Minggu, 30 November 2014

Menjual dengan Air Mata

Omah Blogger
Saluran televisi dan laman Youtube yang bisa diakses dari segala penjuru dunia akhir-akhir ini dibanjiri oleh "sadvertising", iklan bernuansa sedih dan mengharukan. Iklan-iklan ini menyuguhkan cerita inspirasional, emosional, dan tidak jarang mengundang tangis.

Fenomena tersebut disadari oleh kontributor Fastco Create, Rae Ann Fera. Mengapa iklan semacam ini mulai sering kita saksikan? Alasannya sederhana, karena iklan tersebut berhasil menggaet pasar.

"Ahli neuroscience (ilmu syaraf) menawarkan lebih banyak bukti bahwa pendekatan yang lebih 'lembut' untuk berjualan telah benar-benar berhasil. Argumen antara hati melawan kepada dalam periklanan bukan hal baru, tentu saja," ujar Fera dalam artikelnya.
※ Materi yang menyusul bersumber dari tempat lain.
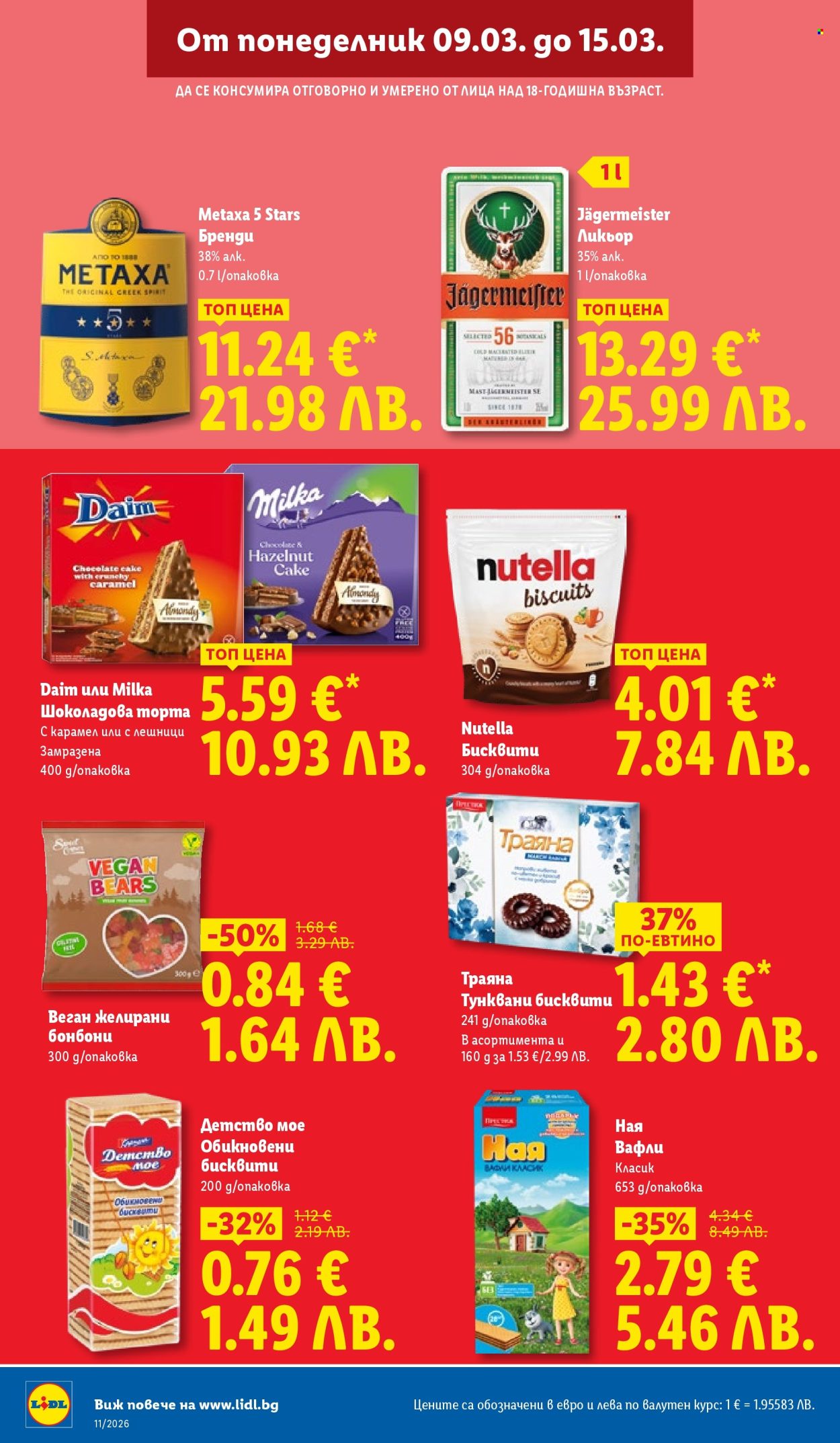 Брошура на Лидл - 09.03.2026 - 15.03.2026. Страница 12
Hal senada juga disadari oleh pendiri dan Chief Creative Officer perusahaan periklanan Barton F. Graf 9000, Gerry Graf. Dia bahkan bercerita bahwa salah satu klien meminta perusahaannya membuat iklan yang mampu membuat penontonnya menangis.

Graf mengatakan, "(Iklan semacam) ini ada di mana-mana. Emosional menjadi buzzword (kata kunci) akhir-akhir ini. Saya mendengarnya sepanjang waktu dari klien-klien saya. Saya pernah memiliki seorang klien yang mengatakan pada saya, 'Saya mau membuat iklan yang membuat orang menangis.'"
Menurut hemat Graf, para pemilik perusahaan mulai menyadari bahwa video dan iklan yang mengundang tangis jauh lebih banyak dibagi dan lebih banyak mendapat perhatian masyarakat. Namun, muncul pertanyaan lain, mengapa masyarakat menyukai iklan semacam ini?

"Saya rasa kita hidup dalam dunia yang sangat digital, selalu tersambung dengan internet, namun kita masih merasa disconnected (terpisah) dari orang lain. Sebagai manusia, kita mencari hubungan antarmanusia yang sebenarnya dan saya pikir cara bercerita yang emosional tersebut mampu membantu menjembatani hal tersebut," ujar Chief Creative Officer 180, William Gelner.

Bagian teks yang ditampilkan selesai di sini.